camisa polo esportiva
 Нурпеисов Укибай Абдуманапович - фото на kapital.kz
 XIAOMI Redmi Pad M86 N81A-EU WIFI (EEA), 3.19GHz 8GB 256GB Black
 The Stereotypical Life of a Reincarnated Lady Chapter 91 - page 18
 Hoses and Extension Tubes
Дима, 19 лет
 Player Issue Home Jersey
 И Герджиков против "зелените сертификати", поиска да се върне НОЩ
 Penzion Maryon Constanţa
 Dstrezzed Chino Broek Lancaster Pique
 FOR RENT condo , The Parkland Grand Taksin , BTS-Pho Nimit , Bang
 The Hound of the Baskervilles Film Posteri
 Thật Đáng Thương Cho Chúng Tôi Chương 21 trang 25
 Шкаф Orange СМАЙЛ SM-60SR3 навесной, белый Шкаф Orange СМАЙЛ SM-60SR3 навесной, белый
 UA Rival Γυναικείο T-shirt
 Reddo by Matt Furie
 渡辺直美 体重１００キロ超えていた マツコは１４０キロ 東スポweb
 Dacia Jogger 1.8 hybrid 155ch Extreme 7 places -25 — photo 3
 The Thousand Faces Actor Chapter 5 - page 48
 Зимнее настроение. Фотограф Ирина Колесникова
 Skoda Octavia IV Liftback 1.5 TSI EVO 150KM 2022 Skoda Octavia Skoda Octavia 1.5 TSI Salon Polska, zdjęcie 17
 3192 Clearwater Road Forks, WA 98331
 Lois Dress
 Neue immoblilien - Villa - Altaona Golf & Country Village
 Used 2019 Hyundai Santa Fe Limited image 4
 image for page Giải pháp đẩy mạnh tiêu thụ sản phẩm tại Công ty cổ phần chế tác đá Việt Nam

Assigned task =>
Which lines run from the first of the listing to the line containing "FOR RENT condo"? Reproduce those exactly, both ends included.

Worked solution =>
camisa polo esportiva
 Нурпеисов Укибай Абдуманапович - фото на kapital.kz
 XIAOMI Redmi Pad M86 N81A-EU WIFI (EEA), 3.19GHz 8GB 256GB Black
 The Stereotypical Life of a Reincarnated Lady Chapter 91 - page 18
 Hoses and Extension Tubes
Дима, 19 лет
 Player Issue Home Jersey
 И Герджиков против "зелените сертификати", поиска да се върне НОЩ
 Penzion Maryon Constanţa
 Dstrezzed Chino Broek Lancaster Pique
 FOR RENT condo , The Parkland Grand Taksin , BTS-Pho Nimit , Bang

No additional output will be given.